# Baseline models

We will use the raw data to train models that are able to support NaNs directly to obtain a baseline accuracy for our prediction.

The task then will be to improve the accuracy of the models by using:
1. variable selection
2. feature engineering
3. Nan imputation
4. cross-validating wider models 
5. Stacking models

In [6]:
import pandas as pd
from models import random_forest, hist_grad_boost, stacking

ImportError: cannot import name 'hist_grad_boost' from 'models' (/Users/juanbello/Desktop/projects/Classification/models.py)

In [3]:
# Minimal preprocessing

def minimal_preprocessing():
    ed = pd.read_csv('./data/train_data/ed_train_raw.csv') # education DataFrame
    hh = pd.read_csv('./data/train_data/hh_train_raw.csv') # household DataFrame
    poverty = pd.read_csv('./data/train_data/poverty_train_raw.csv') # poverty/labels


    def preprocess_df(df, suffix:str):

        # merge first three columns into psu_hh_idcode identifier
        uids = df['psu'].astype(str) + "_"  + df['hh'].astype(str) + "_" + df['idcode'].astype(str) 
        
        # delete the three columns
        df = df.drop(columns=['psu', 'hh', 'idcode'])

        ## Capitalize all Q's in column name prefixes. Add ED or HH prefix to identify variate group
        df.columns = [suffix + "_" + col.capitalize() for col in df.columns]
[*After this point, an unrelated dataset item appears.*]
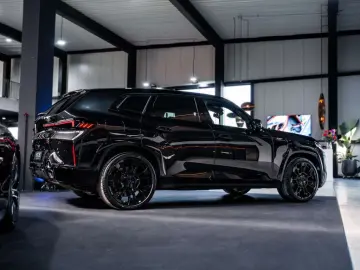 BMW XM PHEV 4.4AS - M sport - AHK - Massage - HUD -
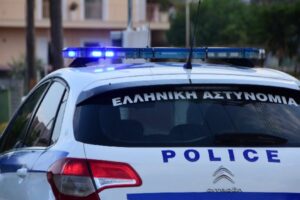 Συναγερμός στις αρχές: Εντοπίστηκε αυτοκίνητο με εκρηκτικά και όπλα στο κέντρο της Αθήνας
        # Insert uid as first column, lowercase, no prefix.
        df.insert(0, 'uid', uids)

        return df

    ed = preprocess_df(ed, 'ED')
    hh = preprocess_df(hh, 'HH')

    # Convert subjective poverty score from one-hot to categorical [1-10] outcome
    for i in range(1,11):
        col = 'subjective_poverty_'+ str(i)
        poverty.loc[poverty[col]==1, 'poverty_score'] = i

    poverty['uid'] = poverty['psu_hh_idcode']
    y = poverty[['uid', 'poverty_score']]

    # Filter labeled data
    ed = ed[ed['uid'].isin(poverty['uid'])]
    hh = hh[hh['uid'].isin(poverty['uid'])]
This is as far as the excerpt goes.